Steven Schwinn, another expert on executive privilege at the John Marshall Law School, said he sees “no basis” for the executive privilege claim.

“The courts have interpreted waivers broadly,” Schwinn said. “That is, the president can ‘waive’ the privilege even without doing so explicitly.” He added that these rulings have often been based on public statements, of which Trump has made several.

Schwinn and others noted that there are other reasons the White House is unlikely to succeed, including the fact that McGahn no longer serves in the White House and thus isn’t bound by its claims. The White House is also seeking to broadly block his testimony, rather than asserting privilege on specific communications, which is generally how the privilege works. And lastly, communications that involve crime or fraud, which the Mueller report suggests is possible in this case, are not protected by it.

Mark Rozell, an executive privilege expert at George Mason University, said it was conceivable that some kind of executive privilege could be upheld — perhaps by arguing the White House’s previous waivers came on a report for which it assumed there would be greater privacy protections than there would be in public testimony. “The reasons for asserting executive privilege regarding congressional testimony may be substantively different from those pertaining to cooperating with a special counsel investigation,” Rozell said.

But he added: “Having waived privilege earlier for McGahn substantially weakens the case for coming back and asserting it to prevent his testimony.”

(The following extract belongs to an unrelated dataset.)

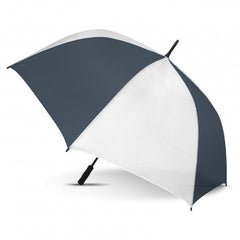 Hydra Sports Umbrella - 107909-7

The question from there is whether the White House really had any choice. Politically speaking, asserting executive privilege over redactions to the Mueller report would have been dicey — as would have been preventing aides such as McGahn from cooperating with Mueller in the first place. It would have risked looking like more of a coverup.

But the White House also didn’t technically need to do either one. And reporting suggests Trump has been surprised by the content of McGahn’s extensive cooperation with Mueller — perhaps believing that McGahn would have portrayed things in a more Trump-friendly light.

In other words, the ship may have sailed when it comes to McGahn spilling key information about Trump. And the White House is going to have a difficult time bringing it back to port.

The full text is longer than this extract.